Kay McVey
It's the private sector that has failed
It's not enough to cast a vote at elections and then sit back for the next four years.
There is a clear message to both parties that significant numbers of workers are opposed to their economic rationalist policies; that we value the retention and extension of services delivered by the public sector; that we are opposed to all forms of privatisation and sale of the state's assets; and that we do not believe that the private sector can deliver.
New Right policies offer no solutions to the current economic crisis manufactured by the big banks and big business. As workers, we are not prepared to pay for the mistakes of the free enterprise system, which puts profits before the needs of people.
We do not want to live in a society that rewards greed and showers honours and accolades on the likes of the Bonds, the Skases and the Elliotts.
It is not the public sector which is inefficient and unable to deliver: it is the private sector. This debate has been turning reality on its head. Why does private enterprise want to get its hands on the state assets if they can't make a buck and turn a profit out of them?

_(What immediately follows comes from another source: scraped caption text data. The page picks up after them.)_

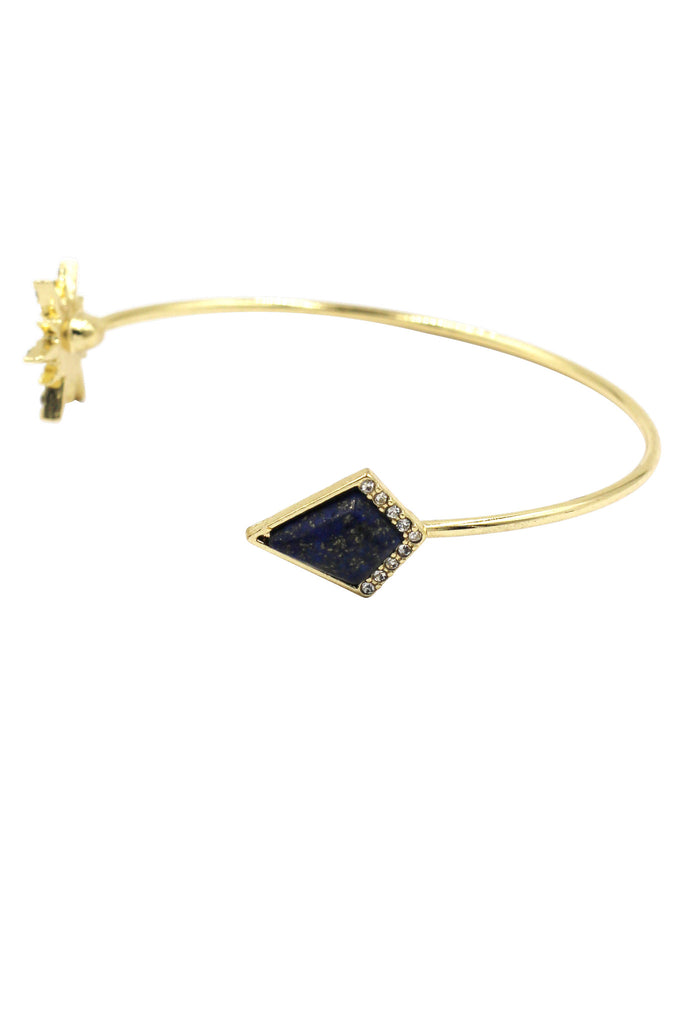 fashion inlaid crystal golden bracelet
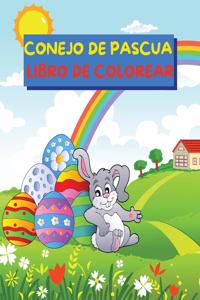 Libro para colorear del Conejo de Pascua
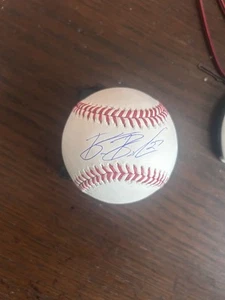 Brooks Baldwin Firmado Autografiado Béisbol Chicago Medias Blancas ROMLB Perfecto - Imagen 1 de 2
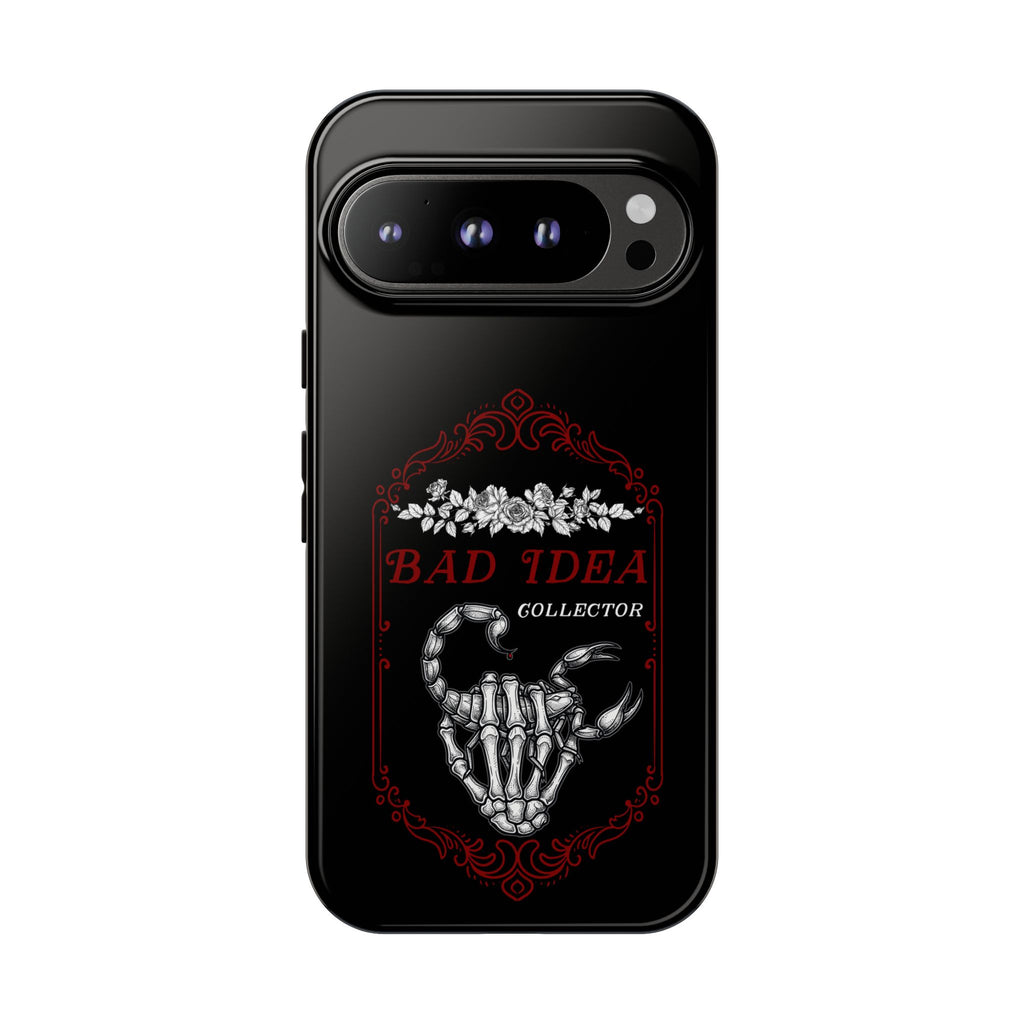 Phone Case — "Bad Idea Collector" Skeleton Heart Protective Case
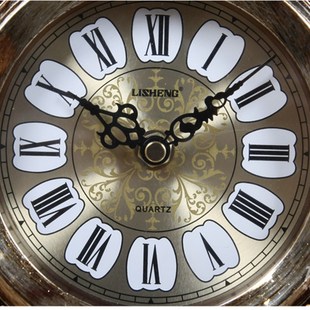 丽盛欧式座钟时钟客厅卧室台面创意钟表摆件时尚台钟整点报时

We do not have to look very far to see the results of the economic rationalist policy or free market programs. Britain has been in the longest sustained recession ever, in New Zealand one of the fastest growing industries is the prisons, and in the United states racial tensions are at boiling point. Do we want Los Angeles-style riots here?
In eastern Europe and the old Soviet Union, the introduction of the free market has led to massive poverty and unleashed long-repressed national differences of which the grizzly situation in Bosnia-Hercegovina is the most horrific example.
Even the famines in Africa can be traced back to IMF policies. People starve in one part of the world while farmers in another are paid not to produce food.
The outpouring of support for the Somalia appeal shows that we do not support a society that allows these practices. Many people came to Australia to escape just these injustices, and Australia has continued to attract thousands of migrants looking for a better society, a society where everybody has a fair go.
Unfortunately, in the Victorian elections we are not being presented with a clear alternative. The practice of the Labor the New Right agenda. They have failed to confront this.
But the directions being set by Liberal policies promise even more draconian action. It is quite clear that a Liberal-National Party government would be determined to crush the union movement. This is the intent of policies such as the removal of payroll deductions in the public sector, the abolition of awards, the introduction of employment contracts and the attack on WorkCare.
In 1990 New Zealand workers were presented with a similar choice. Disenchanted with the Labour Party and Rogernomics, they voted in the Nationals, with the disastrous results we have heard so much about in recent weeks. We don't have to make that mistake, but like them we do have to be prepared to fight.
[Kay McVey is Victorian president of the State Public Services Federation. This article is based on her speech at the September 15 public service rally in Melbourne.]